Exercise -> Beginning at the line that contains "Mercedes-Benz SLK 350", reproduce the entries below exactly, ending with the line that contains "Futatabi6.5 Ai Sorahikohime". Omit each picture.

Task data: Begin

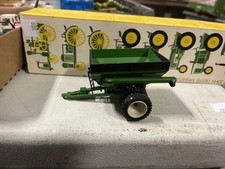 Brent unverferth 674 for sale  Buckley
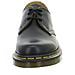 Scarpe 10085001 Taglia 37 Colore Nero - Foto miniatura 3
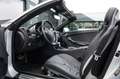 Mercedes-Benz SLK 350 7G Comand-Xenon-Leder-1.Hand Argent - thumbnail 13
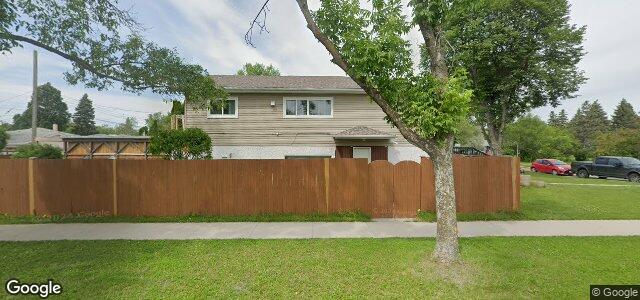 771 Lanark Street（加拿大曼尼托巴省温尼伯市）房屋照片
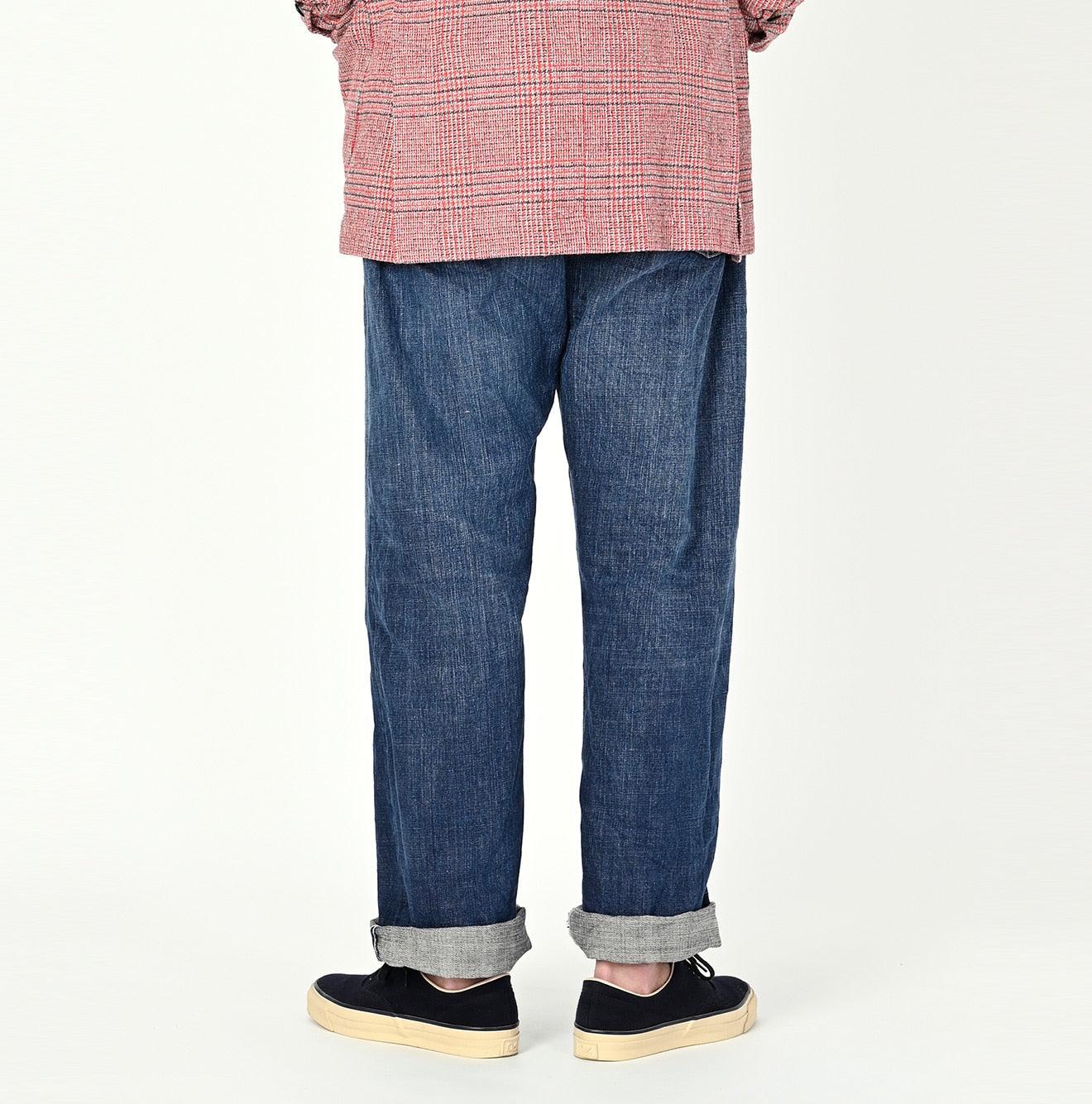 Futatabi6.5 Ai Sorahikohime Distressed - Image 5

Task data: End
Task data: Begin

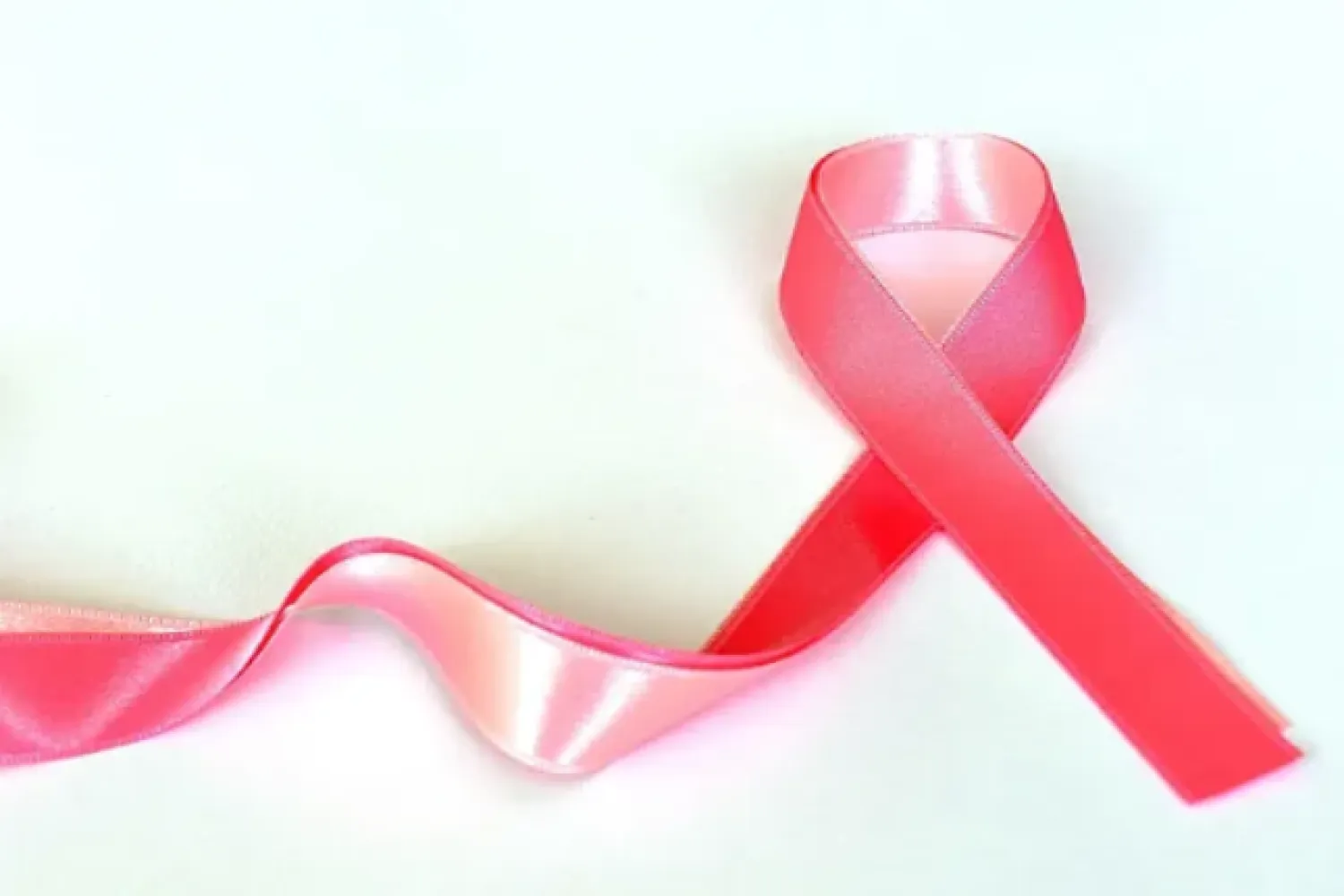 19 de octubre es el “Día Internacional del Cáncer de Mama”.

Task data: End

Written answer ->
 Mercedes-Benz SLK 350 7G Comand-Xenon-Leder-1.Hand Argent - thumbnail 13
 771 Lanark Street（加拿大曼尼托巴省温尼伯市）房屋照片
 Futatabi6.5 Ai Sorahikohime Distressed - Image 5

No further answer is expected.